Guest blogger, Mark Stephens from The Urban Institute at Heriot-Watt University, looks HWU MS at historic experience of land value capture and identifies what lessons current policy makers could take from this experience.

All advanced economies face challenges of paying for social infrastructure including affordable housing and schools, as well as the challenge of paying for major transport infrastructure. In a world where corporate tax bases and high net worth individuals are mobile, policy makers are logically turning to the land – or more specifically “land value capture”.

The possibility of the state taxing (or in some other way capturing) the uplift in the value of land arising from the conferment of planning permission is possible because land use rights were nationalised in 1947. This meant that the state was no longer obliged to compensate landowners who were refused planning permission. It also meant that the entire uplift in the value of the land arising from planning permission could belong to the state.
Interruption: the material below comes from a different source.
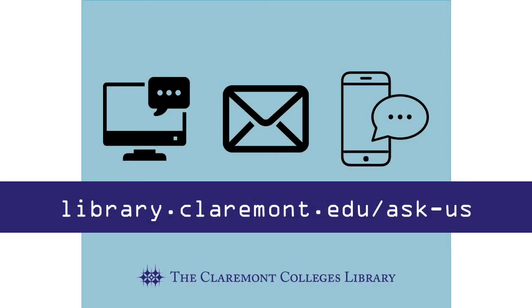I hope that this video has been helpful. To get further assistance, visit our Zotero guide on the Claremont Colleges Library website or make an appointment with your subject librarian.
That is what the 1945-51 Labour Government thought when it introduced a 100% development charge. The tax itself was not a great success, bedevilled as it was by its complexity and over-comprehensiveness but the lack of capacity and technical ability to make reliable valuations, and a “sellers’ strike”. It was abolished by the in-coming Conservative Government.

This episode set the pattern for the coming decades. Labour would introduce some form of development land tax and the Conservatives would repeal it when they returned to power. An important lesson from this policy turmoil is the need to establish a political consensus to underpin the credibility of any land value capture scheme. It, and later schemes, also suggested that the system will be overwhelmed if the threshold for liability is set too low, and that sufficient administrative and technical capacity is required.

The current system of developer contributions/obligations grew up from the 1980s and is now given a statutory basis as s75 agreements in Scotland and s106 agreements in England. These agreements are negotiated on a site by site basis between the developer and the local authority. The uplift in the value of land arising from planning permission provides the scope for negotiating developer contributions to pay for off-site infrastructure costs arising from the site. Since 1991 in England and 1997 in Scotland they have also been used to fund social or other forms of affordable housing. Whilst it is difficult to argue that affordable housing is a need that arises from a development, it has become an accepted de facto tax on development.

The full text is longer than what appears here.